It’s a crispy blue-skied November morning. The sun is shining. People are out and about on their Sunday morning bread run, walking the dog, having a coffee at the corner café. You wouldn’t know, if you didn’t already know, that only a few miles away a deadly terrorist attack transpired less than 48 hours ago.
It seems almost unreal. Eerily normal. Oddly beautiful for a day after such a horrible event. Somewhere close-by people are mourning dead loved ones. Not so far away, people are returning to their homes to find windows shot open. Others lives are forever changed:
It could have been me.
And yet it wasn’t. The perpetual terror that is intended by a terrorist. An attack on a peace of life.
It could have been me, and next time it might be. So I guess I will no longer go to the café, or to the theatre, or to the movies, or to the museum.
But then again that’s what they want us to do: let go of our way of life. Let fear reign.
This time it wasn’t me. What about next time?
The French are in the middle of a three-day state of mourning. A bow to those who lost their lives so senselessly on Friday, and a moment of silence in order to remember who the French are and what they stand for.

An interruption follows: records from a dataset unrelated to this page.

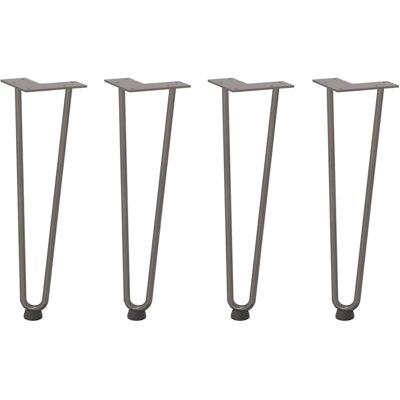 vidaXL Haarnadelbeine 4 Stück Naturstahl 42 cm - Tischbeine vidaXL Haarnadelbeine 4 Stück Naturstahl 42 cm - Tischbeine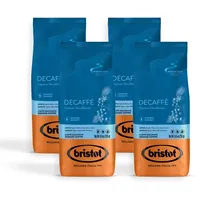 Bristot, Gemahlen und Koffeinfrei Insgesamt 1 kg – Entkoffeinierter Kaffee für Moka, Arabica-Mischung aus Brasilien und Robusta aus Südostasien – Set mit 4 pro 250 g
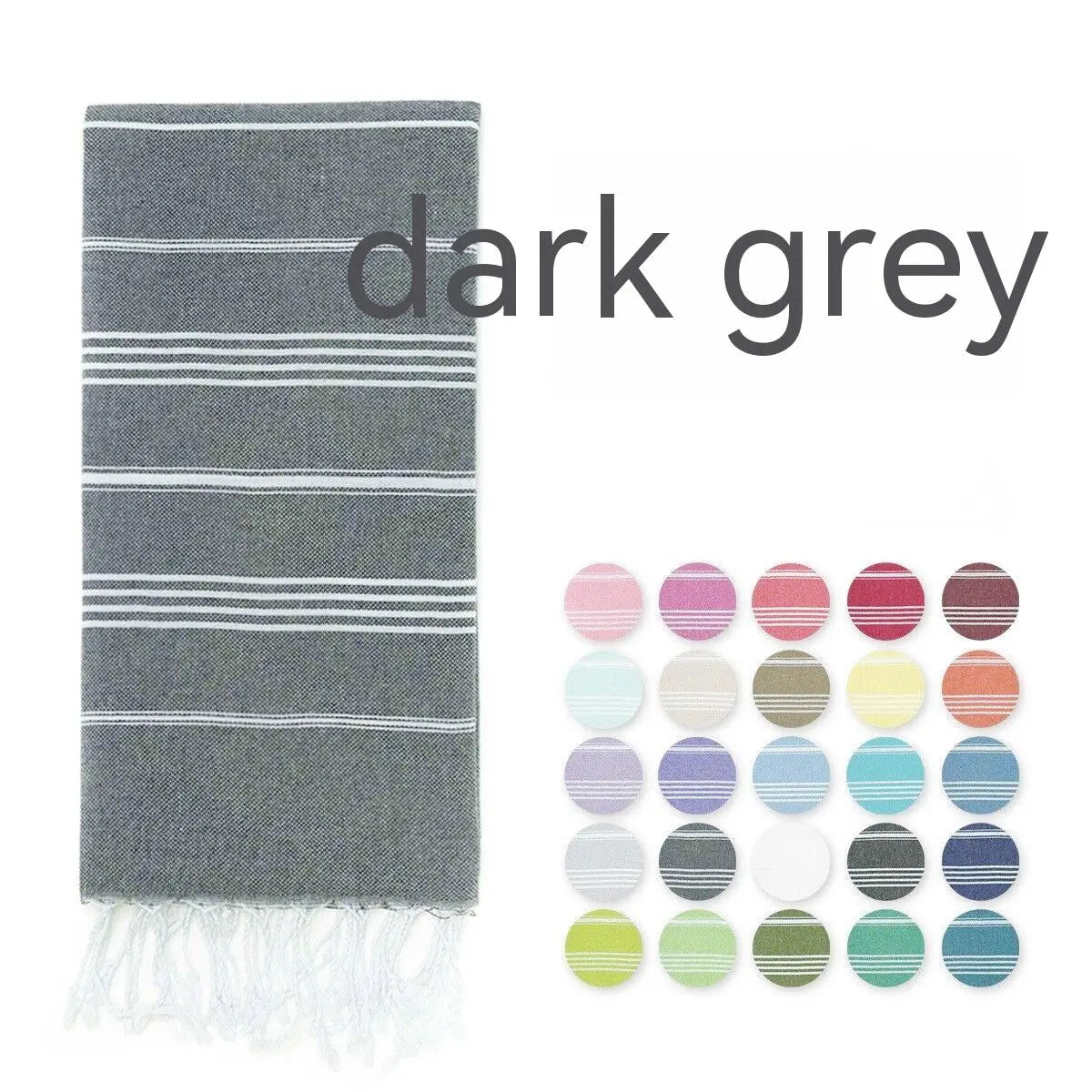 Serviette de Plage Luxe SABIT Turkish Stripes Dark Gray-90x180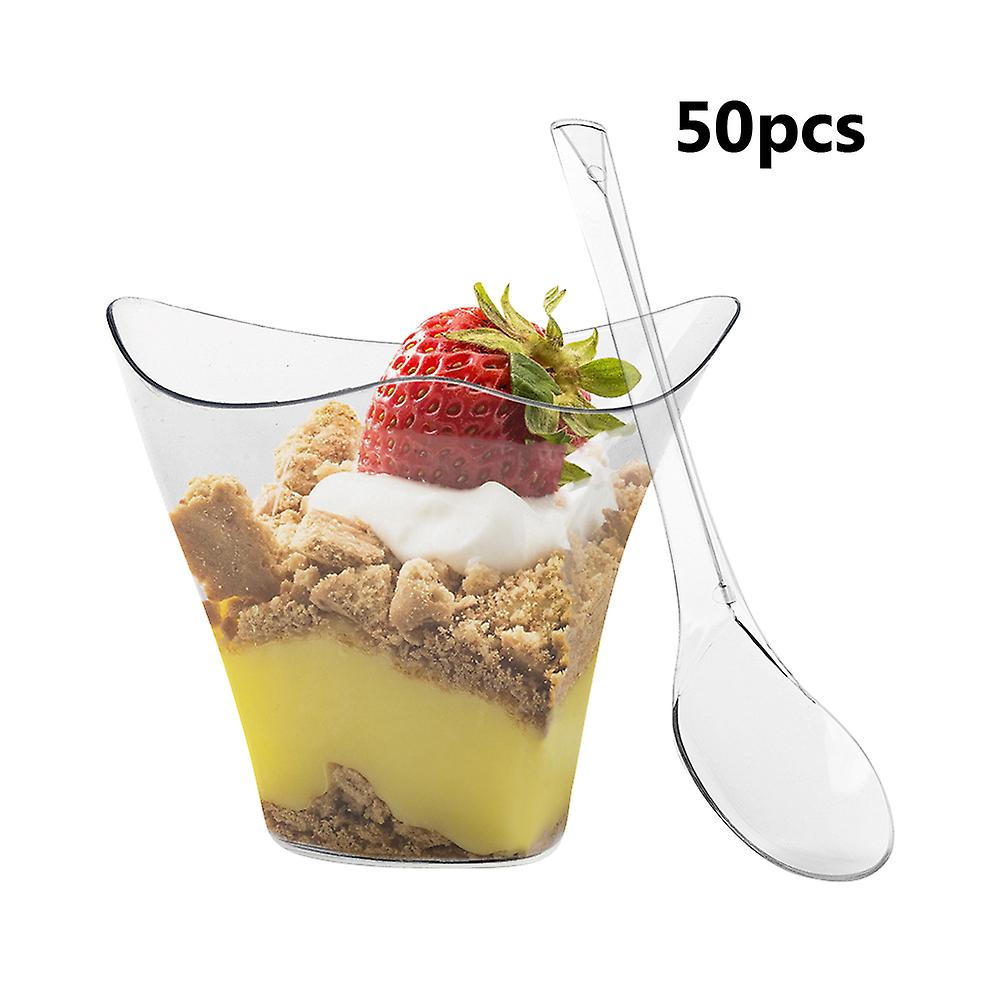 50 Stück 100ml Klare Dessertbecher Kunststoff Dessert Becher Wiederverwendbar für Gelee Mousse Eis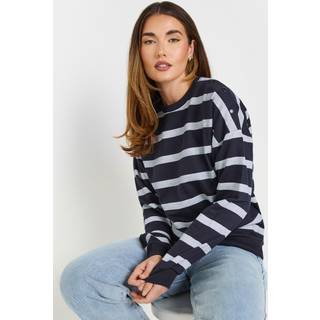 Lts Tall Navy Blue Striped Button Sweatshirt 22-24 Lts | Tall Women's Hoodies & Sweatshirts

Some are calling for stronger government. After all, they knew these guys were involved in terrorist activities. Why the hell did they let one of them back into the country after knowing he spent a year in Syria? Because he’s French, comes the response, he has a right to come home.
We received tons of messages Friday night from those close to us making sure that we are okay. Luckily for us, we were at the theater outside the city. Away for the weekend.
The attacks didn’t happen in our neighborhood. But they were very close to where my other half works. It makes you wonder about the possibility of a next time. Could happen anywhere, anytime.
Then again, that’s what they want us to be thinking.
Well, too bad for the terrorists: Paris isn’t biting. Parisians are on the streets today, in the churches, the mosques, the synagogues, the cafés and parks. Exemplary Parisian behavior, according to Alistar Horne in his tome Seven Ages of Paris, which I just happen to be reading at the moment.
Parisians have been through this sort of attack since its conception as a capital over 1000 years ago. Time after time a group tries to take over the capital, kill the people’s moral, and each time – century after century – Paris remains unconquerable.